Un évènement qui n’a pas fait de bruit, loin s’en faut : la publication, fin mai, de 2000 vers inédits du poète et écrivain Charles Péguy (7 janvier 1873 – 5 septembre 1914).
“On le doit à Romain Vaissermann qui a récemment publié aux éditions Paradigme une version complète de La Tapisserie de Sainte-Geneviève et de Jeanne d’Arc de Charles Péguy parue le 1er décembre 1912 dans les Cahiers de la Quinzaine comprenant, pour la première fois, deux mille vers inédits qui figurent dans les manuscrits mais n’avaient jamais été publiés, pas même en 1912 !”, indique le sénateur du Loiret Jean-Pierre Sueur, grand amateur de Péguy, qui passa son enfance Faubourg de Bourgogne à Orléans et dont il est aussi question dans La Tapisserie de Sainte Geneviève et de Jeanne d’Arc.
Cette Tapisserie est composée de neuf parties appelées par Péguy « Neuf jours ». Une partie des textes inédits sont des états inédits du Jour VIII. Mais l’essentiel, soit 1.898 vers, constitue un texte unique qui, pour Romain Vaissermann complète le huitième ou le neuvième jour, alors que pour Julie Sabiani, il s’agissait d’un grand fragment, au moins, d’un dixième jour.
Car ces vers, s’ils n’ont jamais été publiés, n’étaient pas inconnus. Julie Sabiani – hélas disparue – y a consacré sa thèse intitulée « Les alexandrins inédits et poèmes posthumes de Charles Péguy (1903-1913) » en 1989. Mais Julie Sabiani a souhaité que celle-ci restât inédite – en raison, sans doute, de son constant perfectionnisme – ce pour quoi Romain Vaissermann ne la cite qu’avec parcimonie.

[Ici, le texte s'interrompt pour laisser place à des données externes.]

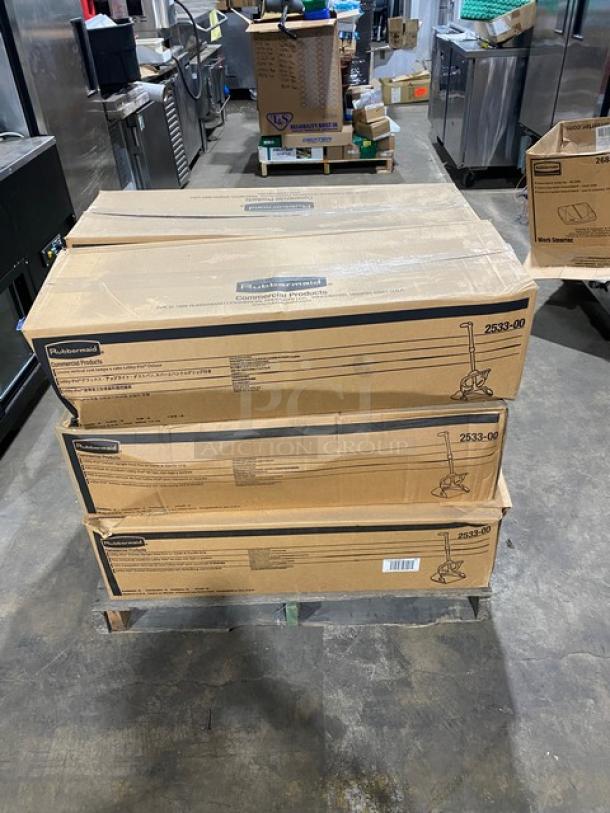 Rubbermaid FG253300BLA lobby dustpan boxes on pallet. Brand new, commercial black upright model, 6 per case.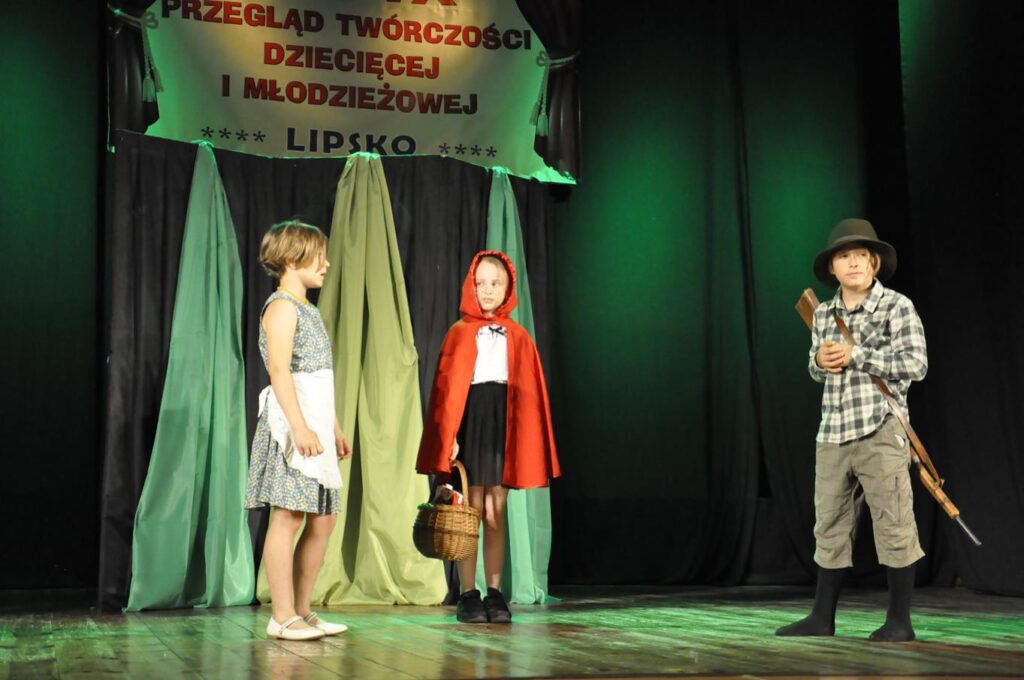 Troje dzieci stoi na scenie. Postać myśliwego, czerwonego kapturka i osoba w białym fartuszku. Za nimi element scenografii przypominający las. W tle baner z nazwą wydarzenia.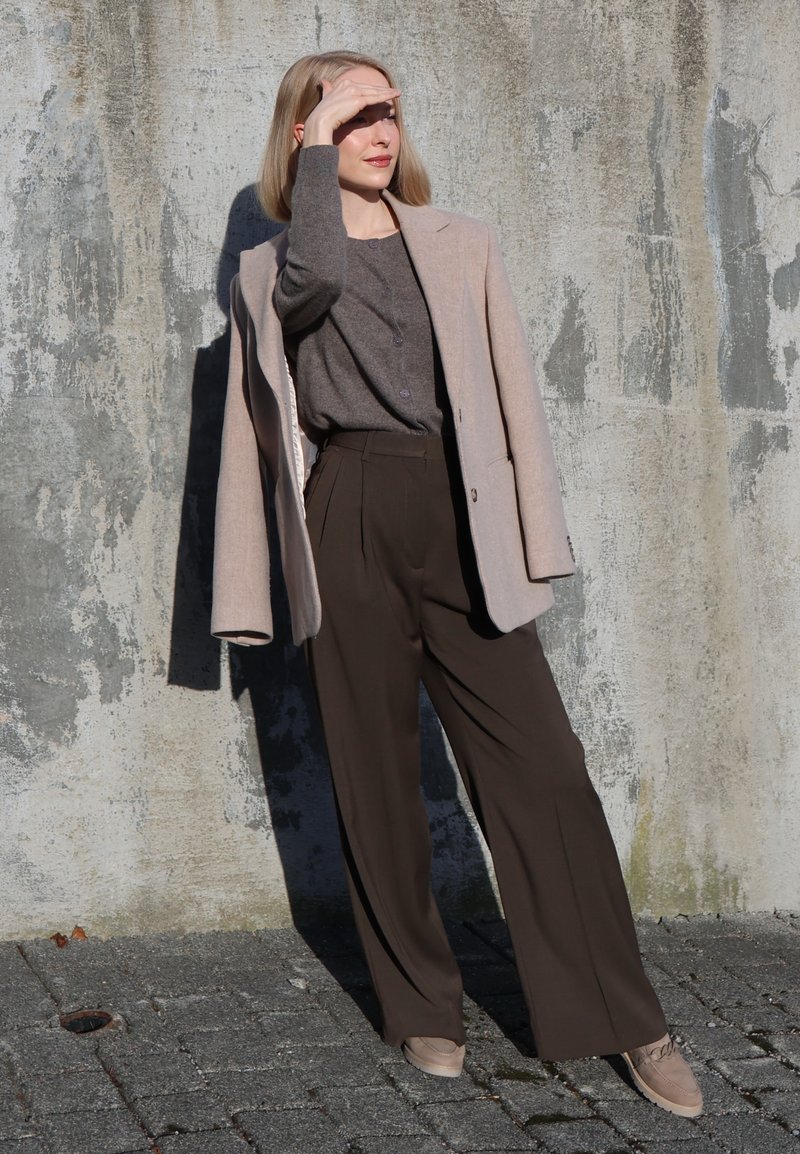 Femme se protégeant les yeux du soleil, portant un manteau beige sur un sweat gris et un pantalon large foncé, debout contre un mur en béton texturé.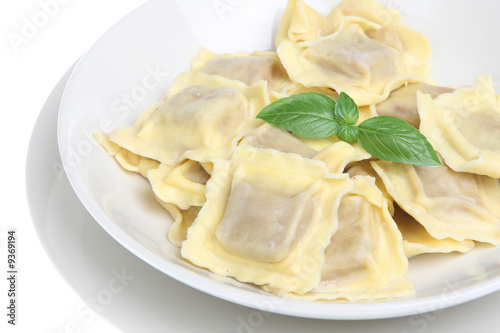 Simple ravioli pasta dish on white background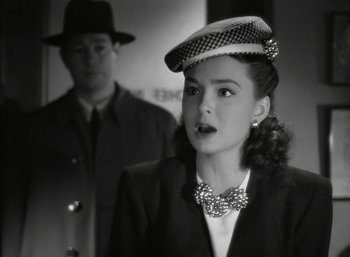 Movie still from “Mildred Pierce” (1945), directed by Michael Curtiz – A woman wearing a hat and a bow tie in front of a man in a suit; Close Up shot, Over the shoulder angle
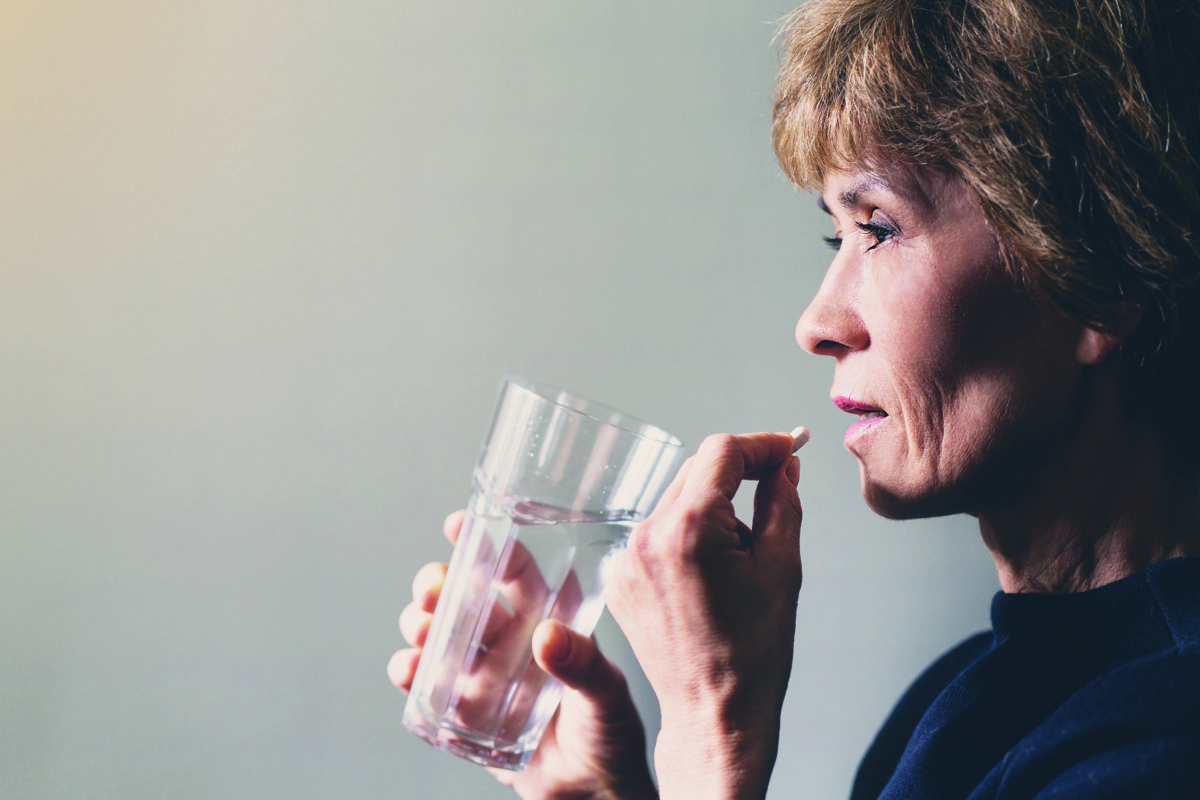 Adult woman with a pill and a glass of water / healthcare concept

On peut regretter que ces vers inédits n’aient pas pu être inclus dans la récente édition, dans la Bibliothèque de la Pléiade, des Œuvres dramatiques et poétiques de Charles Péguy en raison des contraintes qui furent imposées aux quatre éditeurs, Claire Daudin, Pauline Bruley, Jérôme Roger et – justement – Romain Vaissermann, contraintes qui les conduisirent aussi à réduire considérablement l’appareil critique : il aurait fallu deux tomes – mais c’est une autre histoire !

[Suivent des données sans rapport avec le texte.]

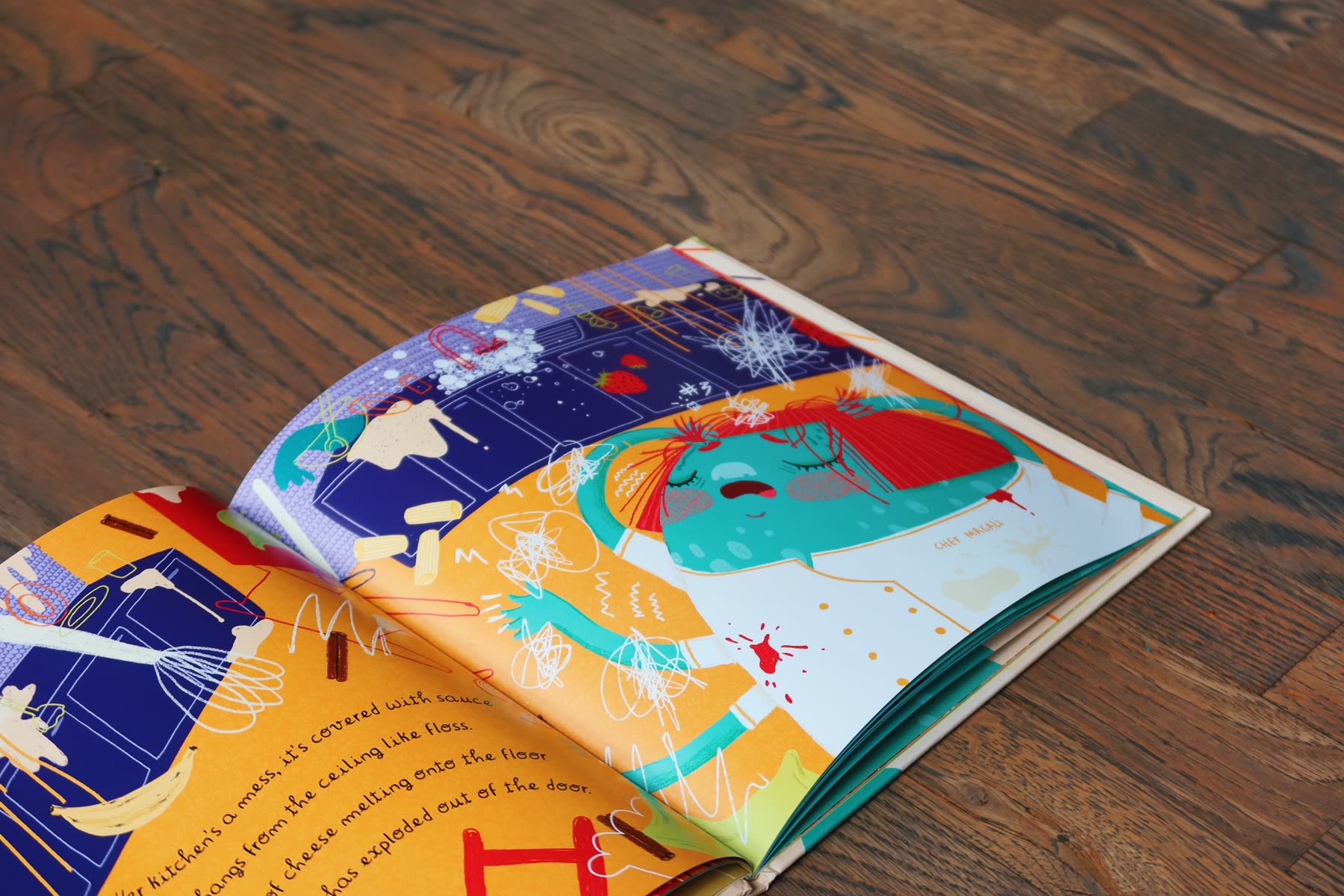 The book lying open on a wooden floor at a full-colour illustrated spread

Venons-en aux vers inédits. Ceux-ci déclinent en quatrains tout ce que Sainte-Geneviève, née à Nanterre vers 420 et morte à Paris vers 500, surplombant le temps et l’espace, a pu voir, mesurer, éprouver, subir en assistant depuis sa mort au cours de l’histoire. Ces quatrains sont caractéristiques de l’écriture de Péguy. Ils approfondissent le même thème autour d’un patron syntaxique (ici : Il fallut qu’elle vît puis : Il fallut qu’il advînt). Certains quatrains sont plus denses que d’autres. Il en est qui préparent des « culminations » à venir, d’autres qui déclinent ceux qui précèdent. C’est – nous l’avons dit – une écriture qui se présente comme s’écrivant. À certains égards, ces quatrains peuvent apparaître comme préparant le chef d’œuvre qui suivra : Ève.
J-P.S.
Quelques-uns des 2000 vers récemment publiés :« Il fallut qu’elle vît au plus fort de son âge
dégénérer sa race et se tarir sa veine
et ses trésors perdus à son épargne vaine
à force de payer pour le pont à péage » (5/8)
« Il fallut qu’elle vît dans cet appareillage
sombrer le beau vaisseau fleuri de marjolaine
et qu’elle vît l’orgueil et la simple verveine
se prendre entremêlés dans ce commun naufrage » (29/32)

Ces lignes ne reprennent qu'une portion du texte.